In the records below, find the line with "man skating on" and the line with "Un armario de"; return exactly those lines and every line between them.

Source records
══════════════════════════════

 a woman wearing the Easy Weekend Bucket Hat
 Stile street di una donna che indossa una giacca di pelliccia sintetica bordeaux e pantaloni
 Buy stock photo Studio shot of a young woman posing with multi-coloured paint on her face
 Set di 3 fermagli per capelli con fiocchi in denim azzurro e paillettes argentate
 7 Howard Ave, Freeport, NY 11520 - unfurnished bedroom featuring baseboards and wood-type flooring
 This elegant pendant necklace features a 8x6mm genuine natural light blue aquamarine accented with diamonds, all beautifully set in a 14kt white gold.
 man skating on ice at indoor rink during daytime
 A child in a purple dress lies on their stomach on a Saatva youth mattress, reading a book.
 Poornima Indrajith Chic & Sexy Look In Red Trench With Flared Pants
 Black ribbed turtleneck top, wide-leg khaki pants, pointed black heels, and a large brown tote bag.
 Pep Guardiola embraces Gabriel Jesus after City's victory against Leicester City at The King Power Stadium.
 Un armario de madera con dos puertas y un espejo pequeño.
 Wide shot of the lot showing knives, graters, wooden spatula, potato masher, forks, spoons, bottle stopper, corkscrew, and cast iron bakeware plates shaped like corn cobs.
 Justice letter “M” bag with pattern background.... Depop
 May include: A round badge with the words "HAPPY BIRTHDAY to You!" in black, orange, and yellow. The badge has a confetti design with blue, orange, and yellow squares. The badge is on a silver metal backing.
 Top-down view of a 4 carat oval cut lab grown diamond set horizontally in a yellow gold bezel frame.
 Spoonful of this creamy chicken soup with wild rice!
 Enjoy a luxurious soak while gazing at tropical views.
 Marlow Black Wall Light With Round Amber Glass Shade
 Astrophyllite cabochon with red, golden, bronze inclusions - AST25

══════════════════════════════

ANSWER SECTION →
 man skating on ice at indoor rink during daytime
 A child in a purple dress lies on their stomach on a Saatva youth mattress, reading a book.
 Poornima Indrajith Chic & Sexy Look In Red Trench With Flared Pants
 Black ribbed turtleneck top, wide-leg khaki pants, pointed black heels, and a large brown tote bag.
 Pep Guardiola embraces Gabriel Jesus after City's victory against Leicester City at The King Power Stadium.
 Un armario de madera con dos puertas y un espejo pequeño.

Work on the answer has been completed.